To further analyze these results, we conducted a more detailed analysis where the models are benchmarked against each increment individually. This highlights how stable and consistent the models are over time. Fig. 5 plots the incremental strategies’ results against the Joint Strategy, providing insights into how the models perform as more data is introduced.

Figure 5: Performance comparison between incremental learning and batch learning under increasing complexity: (Top): illustrates the training accuracy and active unit evolution for various incremental learning strategies with each training experience; (Bottom): illustrates the performance of traditional batch learning methods using two Joint strategies
Fig. 5 shows the performance of Incremental Strategies (top graph) compared with the Joint Strategy (bottom graph) across different training experiences. Unlike the previous analysis, which focused on backward transfer and adaptability capabilities, this figure illustrates the performance and stability of each strategy as it adapts to new data increments. Importantly, the results of incremental strategies are collected immediately after each increment, rather than using the last model with 31 active units.

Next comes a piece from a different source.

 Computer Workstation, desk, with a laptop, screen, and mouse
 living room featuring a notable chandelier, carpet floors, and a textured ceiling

The proposed model shows impressive stability, with accuracy remaining close to 100% across nearly all increments. It demonstrates competitive accuracy and stability when compared to the hyperparameter-tuned Joint_200 model.
The number of active units increases as new users enroll (representing the growing complexity of the task); however, the proposed model was capable of maintaining high accuracy rates, with minimal fluctuations, showcasing its capability to handle incremental learning without significant loss of performance. In contrast, the Naïve Strategy, which was capable of reaching comparable results (highlighting the performance of our proposed 1D-CNN architecture), suffers from sharp drops in accuracy after certain increments. As complexity grows, these drops become more frequent.

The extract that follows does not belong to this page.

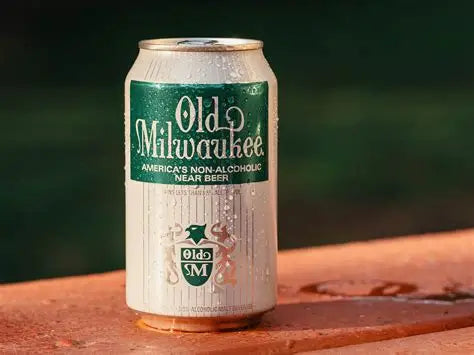 Can of Old Milwaukee non-alcoholic beer on a wooden surface with a blurred green background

Interestingly, similar to the Naïve model, the Joint Strategy also experiences occasional dips in accuracy, despite having access to the full dataset during each training scenario. These fluctuations suggest that even full retraining does not guarantee perfect stability, especially when the model is trained with limited resources, as indicated by the Joint strategy (20 epochs) sharing similar resources with our proposed model.
We further assess the retention capabilities of our model by evaluating its performance in cumulative scenarios, which differ from testing on individual increments (i.e., testing on a single individual after learning). The cumulative approach tests the model on all previously learned individuals after being introduced to a new cumulative set. This method provides a more comprehensive view of retention across multiple increments and better captures the complexity of real-world applications, where a model must adapt to new instances and retain knowledge from various experiences simultaneously, simulating more realistic conditions. For instance, after being exposed to individual number 6, the model is tested on individuals 0 to 6. After learning up to 12 individuals, the model is tested on individuals 0 to 12, and so forth, until the model has been exposed to the entire dataset. This holistic evaluation challenges the model to retain more complex sets of knowledge while also testing how well it integrates new information without forgetting previously learned data.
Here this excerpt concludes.